El presidente del CGPJ ya había avisado de que, si bien lo ideal era que el día 8 se pactaran los dos candidatos para llegar a la fecha límite del 13 de septiembre, sería difícil porque hay que concitar doce votos favorables. Actualmente, el máximo intérprete de la Constitución, de mayoría conservadora, debe dictar sentencia sobre leyes tan importantes como la del aborto, que impulsó el Gobierno de Zapatero en 2010; la de la eutanasia, promovida por la coalición de izquierdas; o la de educación, conocida como Ley Celáa.

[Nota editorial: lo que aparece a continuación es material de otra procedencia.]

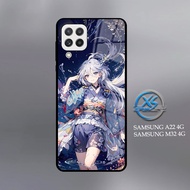 HP [CS61] Glossy Case | SAMSUNG A22 4G | SAMSUNG M32 4G | CUTE MODERN CASE | Casing Glitterhp with A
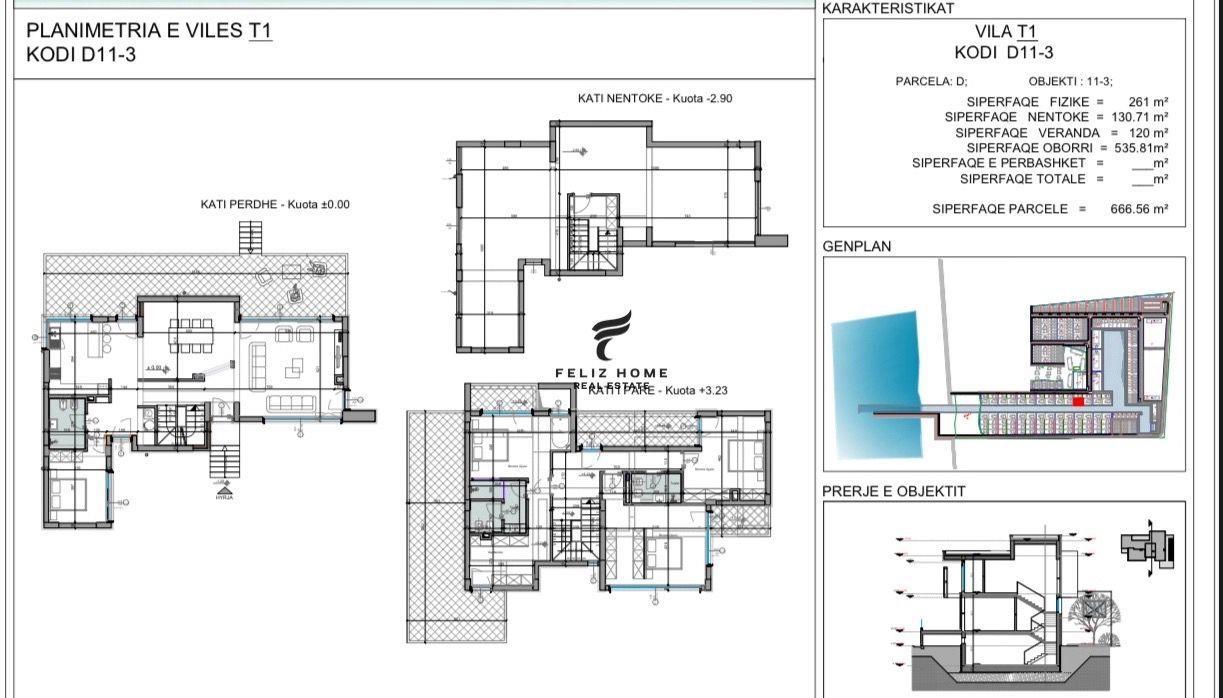 HOUSE FOR SALE 261 M2 DURRES 985,500 EURO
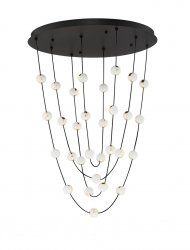 Nowoczesna designerska lampa wisząca złote kule CUTERVO LE44602 Luces Exlusivas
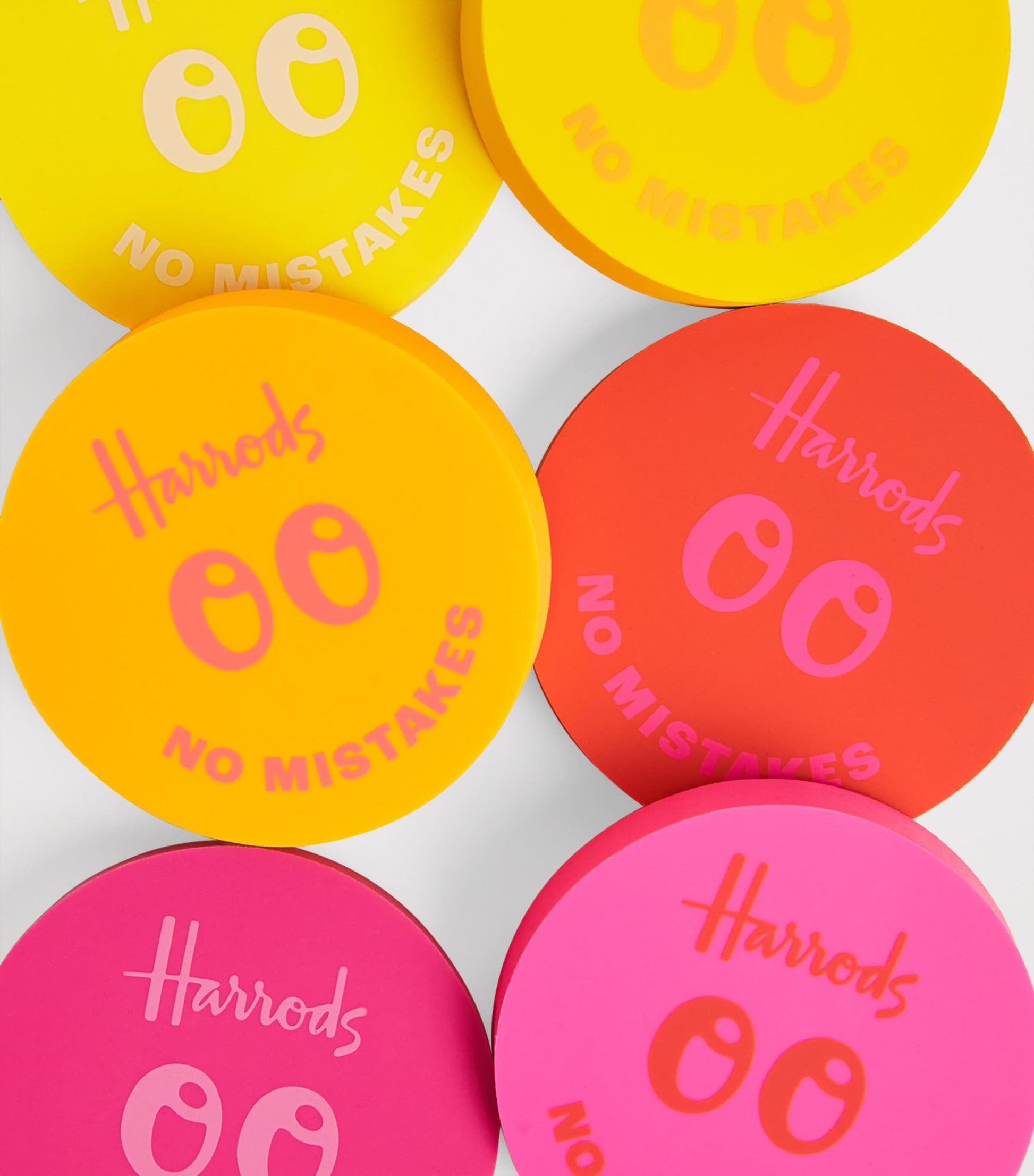 No Mistakes Erasers (Set of 6)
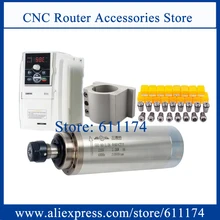 2.2kw с водяным охлаждением двигателя шпинделя ER20 4 подшипника древесины двигателя шпинделя и VFD AC220V Инвертор+ 80 мм зажим+ 1-13 мм ER20 цанговый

De ahí se puede extraer el interés del Ejecutivo en cambiar la mayoría del tribunal, que el año pasado declaró inconstitucional su estrategia jurídica frente a la pandemia.

Memoria de la Fiscalía

Al acto de apertura del año judicial no ha podido acudir el fiscal general del Estado, como es tradición. Y ello porque ha dado positivo en covid. Por eso, tampoco ha podido presentar la Memoria de la Fiscalía. Álvaro García Ortiz, que tomó posesión de su cargo el lunes pasado, ha sido sustituido por María Ángeles Sánchez Conde, teniente fiscal del Tribunal Supremo. La jurista ha dicho al inicio de su discurso que quería “agradecer y reconocer la labor” de la ex fiscal general del Estado, Dolores Delgado. “No son tiempos fáciles”, ha advertido antes de desgranar los datos del documento, pues “tenemos que lamentar una guerra en Europa”.

La memoria de este año pone el foco “en la reparación integral de las víctimas”. Una de las prioridades del Ministerio Público es la “lucha contra la violencia de género”, ha incidido Sánchez Conde. Por eso, ha llamado a “fomentar el enfoque de género” en la carrera judicial y a “escuchar a las asociaciones de mujeres y de víctimas. Resulta imprescindible abundar la formación en materia de violencia de género”. Otra de las preocupaciones de la Fiscalía es “la trata de seres humanos” y la “proliferación de los delitos de odio y discriminación”

A la ceremonia han asistido magistrados del Tribunal Supremo, fiscales, abogados del Estado y letrados de la Administración de Justicia del órgano jurisdiccional, así como vocales del CGPJ. Entre otras autoridades, ha estado la ministra de Justicia, Pilar Llop; el líder de la oposición, Alberto Núñez Feijóo; o el alcalde de Madrid, José Luis Martínez-Almeida.